Si estás pensando en comprar un aire acondicionado y no tienes experiencia, es normal que te sientas abrumado por tantos números, letras y términos técnicos. Una de las herramientas más útiles para comparar modelos es la etiqueta energética, un documento oficial que llevan todos los aparatos y que te permite saber cuánto consumen, qué capacidad tienen y qué nivel de eficiencia ofrecen.
Aquí explicamos, de forma sencilla, cómo interpretarla y qué aspectos son realmente importantes al elegir un equipo para tu hogar.
1. Clase de eficiencia energética (A, B, C…): el indicador más visual
Cuando mires la etiqueta, verás una escala de colores que va de la letra A a la G. Cuanto más verde es la zona donde está tu modelo, más eficiente y menos consume.
Aunque en otros electrodomésticos la escala se ha actualizado, los aires acondicionados tipo split siguen usando las clasificaciones A+, A++ o A+++.
Lo que debes saber si no tienes experiencia:
- Elige siempre A o superior (A+, A++).
- Evita equipos por debajo de B: consumen más y suelen ser modelos antiguos o básicos.
- Más eficiencia = menos gasto en la factura de la luz.
Es importante destacar que todos los modelos domésticos y comerciales de General cuentan con etiqueta Energética A+ o superior.
2. SEER y SCOP: los valores que realmente indican cuánta energía consume
Además de las letras, verás unos números llamados SEER y SCOP.
SEER (para el modo frío)
Es un valor que indica lo eficiente que es el aire acondicionado al refrigerar. Cuanto más alto sea el número, menos electricidad necesitará para enfriar tu casa.
Ejemplo sencillo:
- Un aire con SEER 7 consume bastante menos que otro con SEER 5, aunque ambos enfríen lo mismo.
SCOP (para el modo calor)
Solo aparece si el equipo también funciona como bomba de calor. Sirve para saber qué tan eficiente es calentando.
Si buscas aire frío y calor:
- Un SCop 4 o superior es muy bueno.
3. Capacidad de refrigeración y consumo anual
La etiqueta también muestra la potencia de enfriamiento del equipo, que normalmente aparece como kW de frío (por ejemplo, 2,5 kW). Esto se corresponde con las frigorías: 2,5 kW equivalen a unas 2.150 frigorías.
Además, puede aparecer un dato muy útil: el consumo anual estimado en kWh.
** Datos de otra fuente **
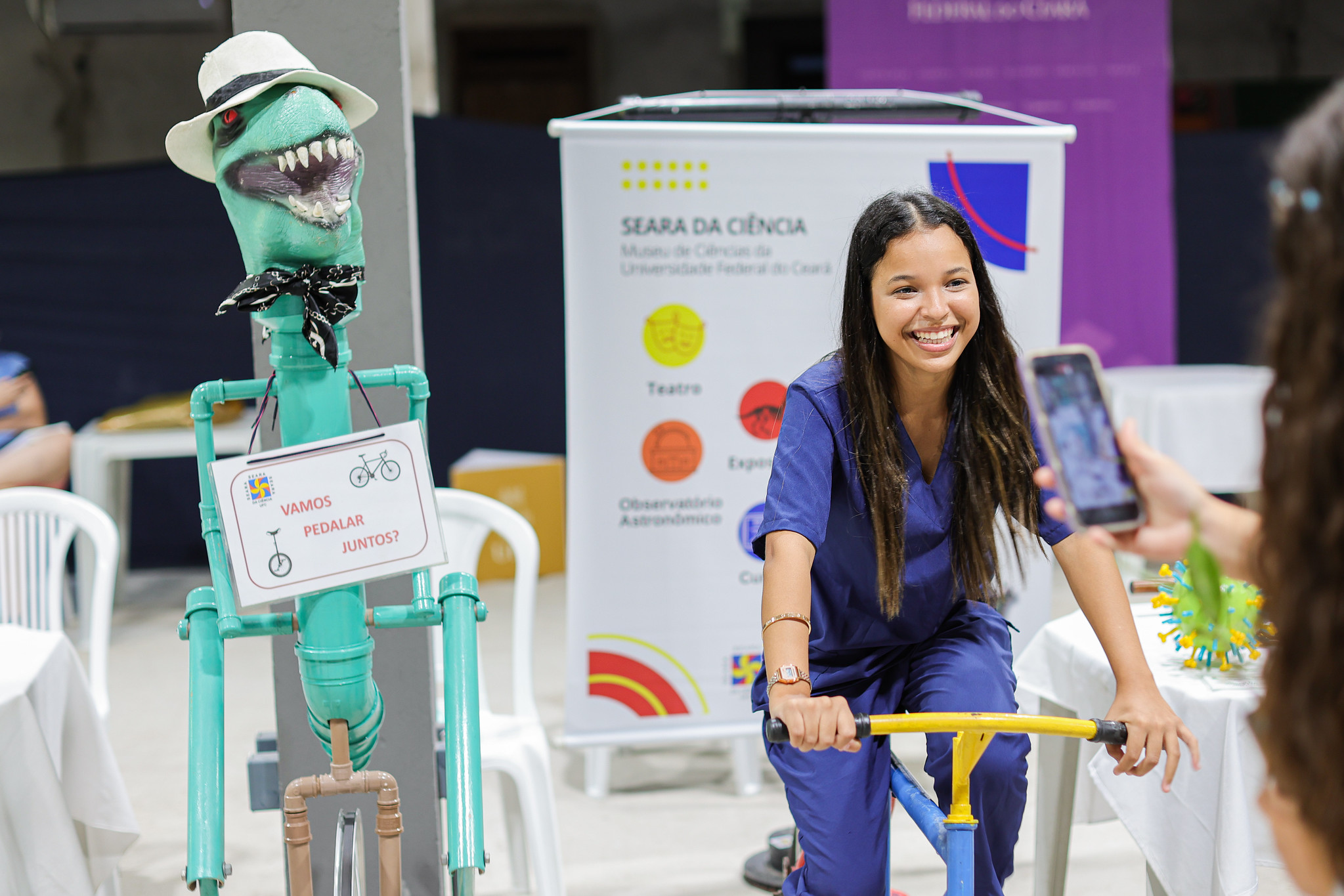 Imagem: Jovem sorridente, vestida com uniforme azul, pedala uma bicicleta estacionária em uma atividade interativa da Seara da Ciência, da Universidade Federal do Ceará (UFC). Ao lado dela, há uma figura lúdica feita com canos coloridos, com cabeça de dinossauro, chapéu branco e lenço no pescoço, segurando uma placa com os dizeres “Vamos pedalar juntos?”. Ao fundo, um banner com informações sobre o museu destaca atividades como teatro, espaço de experimentos e observatório astronômico. Outra pessoa registra o momento com um celular. O ambiente é claro e descontraído.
Esto te permite comparar dos equipos fácilmente:
Ejemplo:
- Modelo A: 150 kWh/año
- Modelo B: 200 kWh/año
El primero consumirá menos electricidad en un uso estándar.
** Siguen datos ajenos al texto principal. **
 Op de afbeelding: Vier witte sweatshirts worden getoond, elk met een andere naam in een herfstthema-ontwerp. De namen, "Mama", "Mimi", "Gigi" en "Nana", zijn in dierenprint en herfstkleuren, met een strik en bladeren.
4. Nivel de ruido: un factor clave si lo pondrás en un dormitorio
En la etiqueta encontrarás los decibelios (dB) que genera el aparato tanto en la unidad interior como en la exterior.
Guía rápida:
- Dormitorio: busca menos de 24 dB en modo silencioso.
- Salón u otras zonas: hasta 30 dB es cómodo.
- Unidad exterior: entre 50 y 60 dB es lo habitual. Evita modelos más ruidosos si tienes vecinos cerca.
5. Otros símbolos importantes que te pueden aparecer en la etiqueta
La etiqueta energética también puede incluir iconos o información adicional, como:
- Tecnología inverter: mejora la eficiencia y reduce consumo (hoy es estándar).
- Tipo de gas refrigerante: el R-32 es el más moderno y ecológico.
- Rango de funcionamiento en calefacción: algunos funcionan incluso a temperaturas exteriores muy bajas, como -15 °C.
Son detalles que pueden marcar la diferencia si vives en una zona muy fría o si quieres un equipo de larga duración.
¿Qué debes priorizar al elegir un aire acondicionado?
Si estás comparando dos modelos parecidos y no sabes cuál elegir, presta atención a estos puntos en orden de importancia:
- Eficiencia energética (A+, A++, SEER y SCOP).
- Nivel de ruido, sobre todo si lo instalarás en el dormitorio.
- Capacidad adecuada para los metros cuadrados que necesitas enfriar.
- Buena marca y fiabilidad.
- Consumo en modo standby (idealmente menos de 1 W).
Ten en cuenta que un aire acondicionado muy eficiente puede costar un poco más, pero a medio plazo te hará ahorrar mucho en electricidad, especialmente si lo usas varias horas al día durante el verano.
Funciones como el WiFi, los modos turbo o los filtros antialergias son extras interesantes, pero recuerda lo esencial: buen enfriamiento, buena eficiencia y un nivel de ruido bajo.